Identifies complex repetitive structures in DNA called nested tandem repeats (NTR). NTRFinder is based on an algorithm that detect the recurrence of two or more apparent tandem motifs interspersed with each other. This tool has been tested on real and simulated data. The nested tandem repeats found with this application can be used as population and phylogenetic markers.
Detects predominant periodicities in a nucleotide sequence. PerPlot counts the number of times a pair of A-tracts occur in the analyzed sequence at a mutual distance. The program reads a nucleotide sequence in the standard GenBank or Fasta format. The tool outputs two indices that characterize the periodicity of the analyzed sequence: the height of the dominant peak and the period corresponding to the dominant peak.
An approach to de novo repeat annotation that exploits characteristic patterns of local alignments induced by certain classes of repeats. PILER is a package of efficient search algorithms for identifying such patterns. Novel repeats found using PILER are reported for Homo sapiens, Arabidopsis thalania and Drosophila melanogaster.
A user-friendly software tool for the identification of microsatellites in genomic sequences. The combination of an extremely fast search algorithm with a built-in summary statistic tool makes SciRoKo an excellent tool for full genome analysis. SciRoKo contains two main modules: a simple sequence repeat (SSR) search module, which supports five different SSR search modes and a module for SSR-statistics, notably for mismatch frequency and compound microsatellite analysis.
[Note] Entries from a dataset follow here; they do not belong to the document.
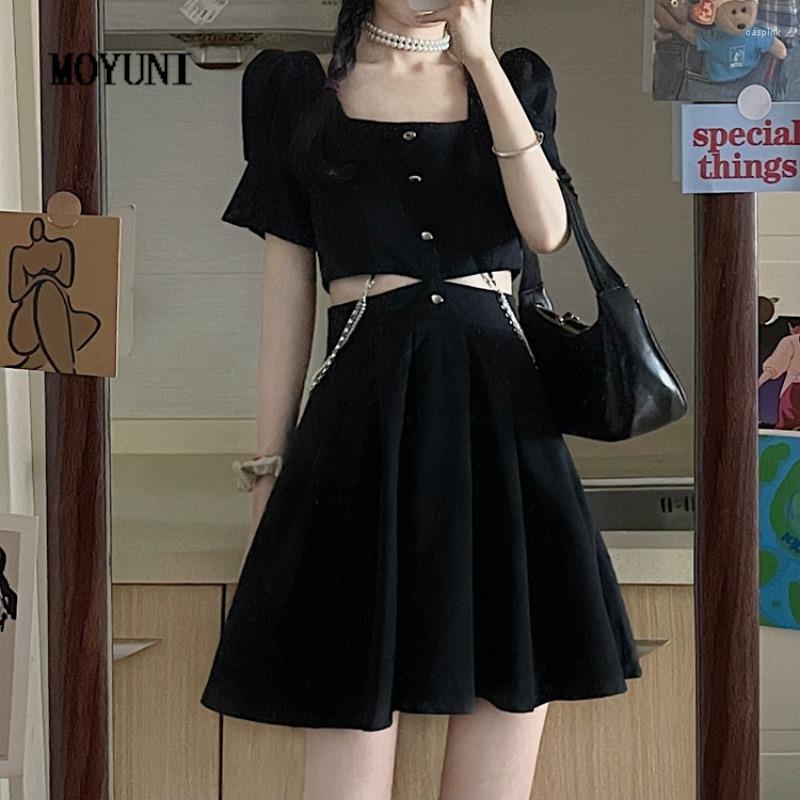 

Party Dresses 2023 Summer Kawaii Sweet Dress Women Puff Sleeve Elegant Casual Mini Cut Out Black Cute Korean Sexy Y2k Sundress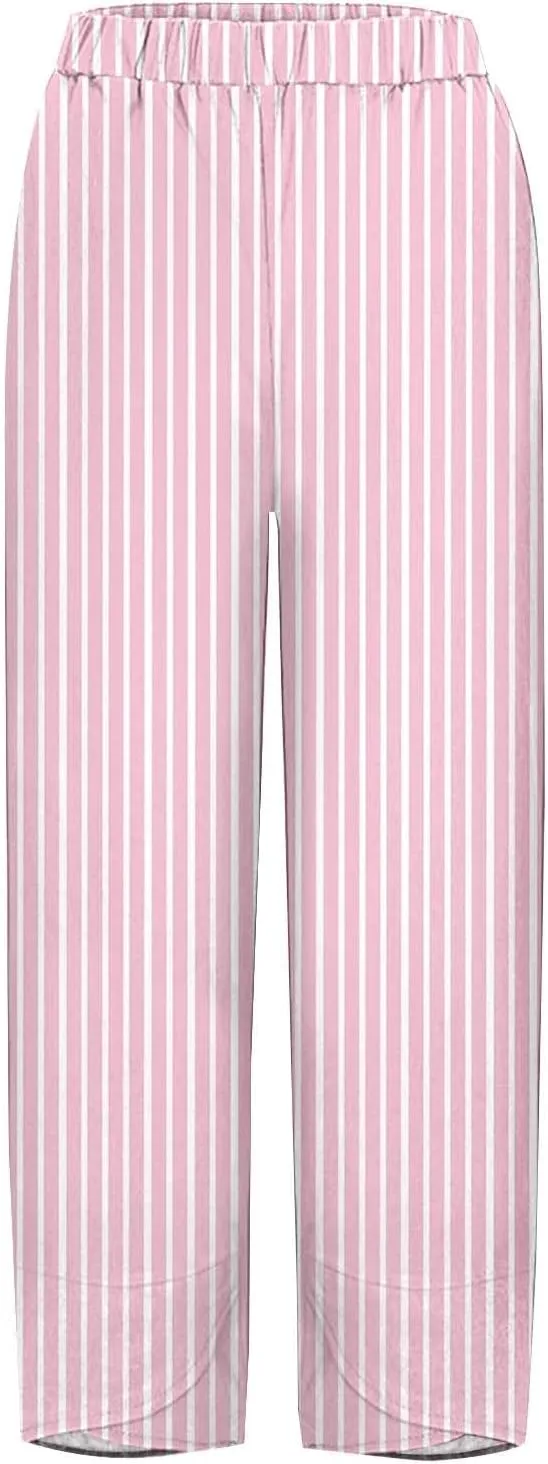 Striped Linen Pants Women 2025 Plus Size Wide Leg Cropped Pants Summer High Waist Lightweight Trousers with Pockets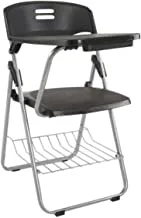 Mahmayi Kelvin S234A Folding Student Chair - Plastic Folding Chair With Writing Tablet - Foldable Chair With Polypropylene Tablet (Black) (Student Chair)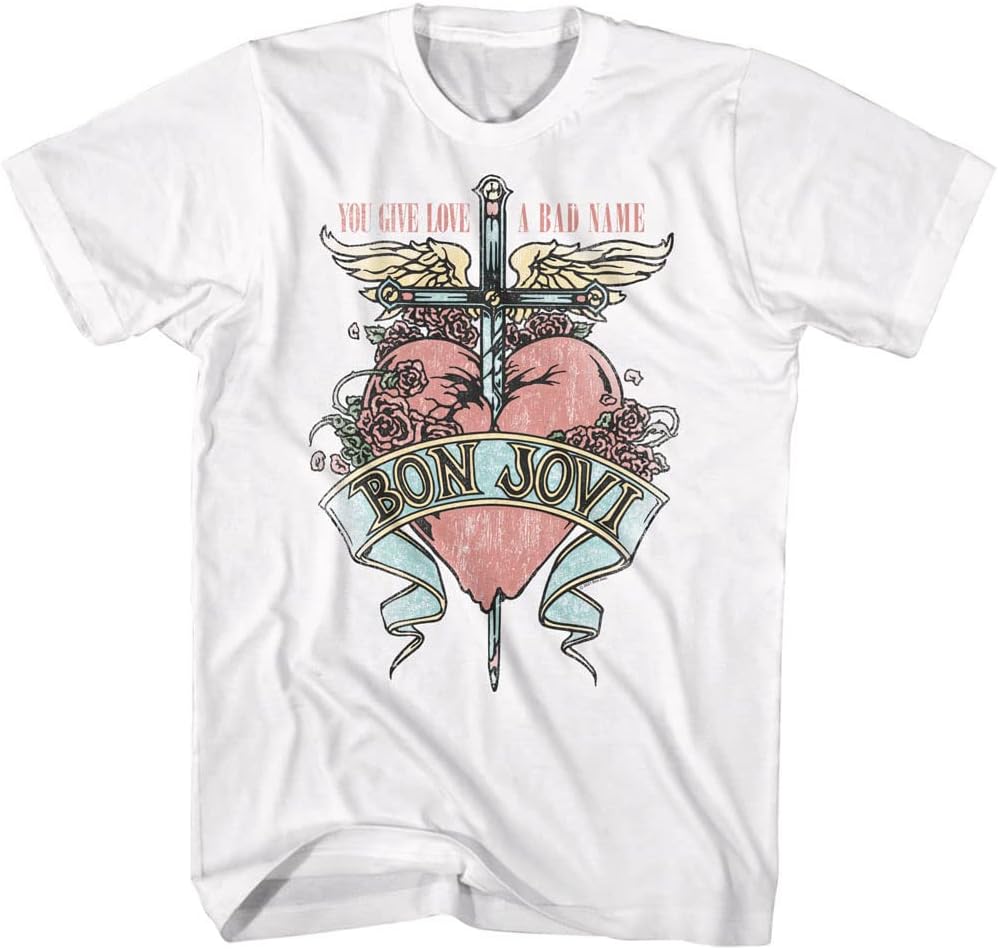 Bon Jovi You Give Love A Bad Name Heart Sword T-shirt S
Compared to other already existing tools, SciRoKo also allows the analysis of compound microsatellites.
Searches for significant approximate tandem repeats (ATR) of a given motif in a DNA sequence. For each region of the sequence that is similar to a tandem repeat of the input motif, STAR returns a description of the segment that it calls a "Zone", and an optimal alignment of the zone with the best possible exact tandem repeat (here, exact means perfect). STAR optimally detects all such zones in the sequence. Significance is assessed by a measure of local compressibility of the segment.